-- DATASET EXCERPT follows --

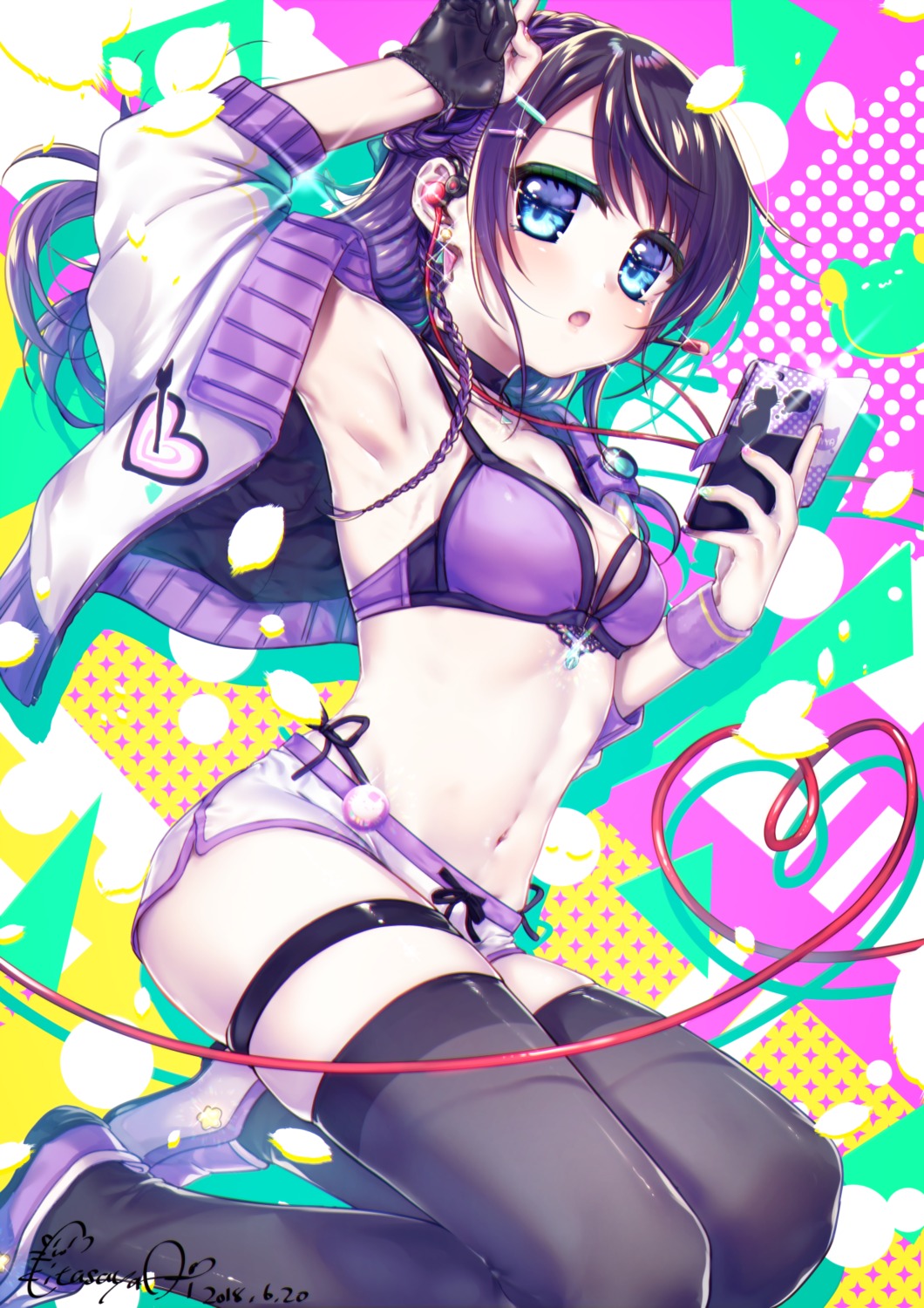 bikini_top cleavage debi_(akuma) garter open_shirt swimsuits thighhighs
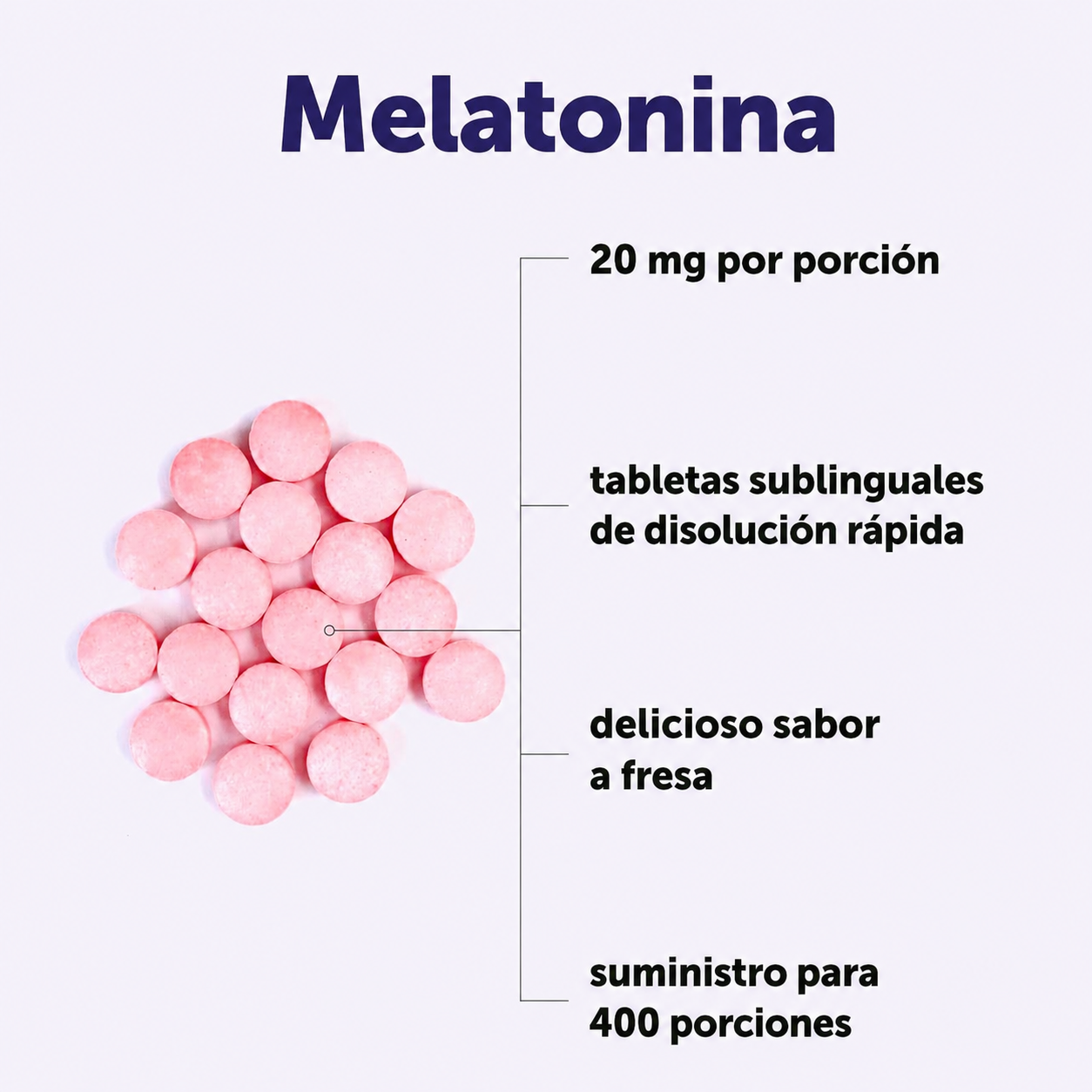 Micro Ingredients - Melatonina 20mg - Disolución Rápida Sabor a Fresa | 400 Tabletas
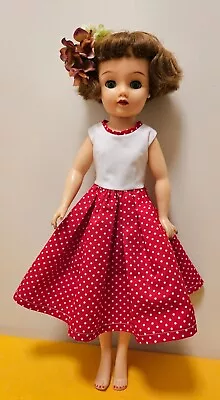 Beautiful Red/ White Top White Dots Sleeveless Dress For Miss Revlon 19 /20 Doll • $30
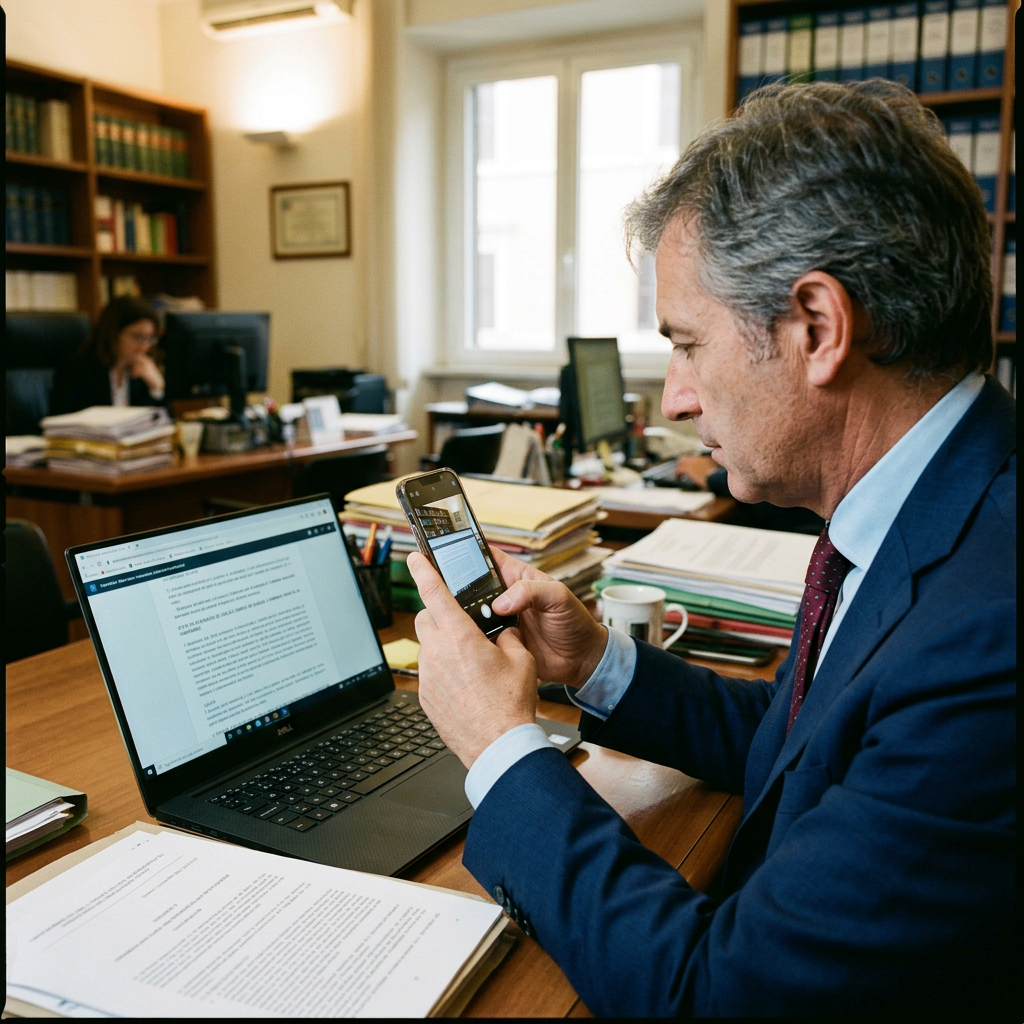 Professional reviewing documents on a laptop and smartphone in an office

-- DATASET EXCERPT concluded --

- **HOW TO COMPLETE THIS TASK**: In the listing, find the line with "Micro Ingredients - Melatonina" and retype exactly from there through the last line, both included, leaving the pictures out.

- **ANSWER SPACE**:
 Micro Ingredients - Melatonina 20mg - Disolución Rápida Sabor a Fresa | 400 Tabletas
 Beautiful Red/ White Top White Dots Sleeveless Dress For Miss Revlon 19 /20 Doll • $30
 Professional reviewing documents on a laptop and smartphone in an office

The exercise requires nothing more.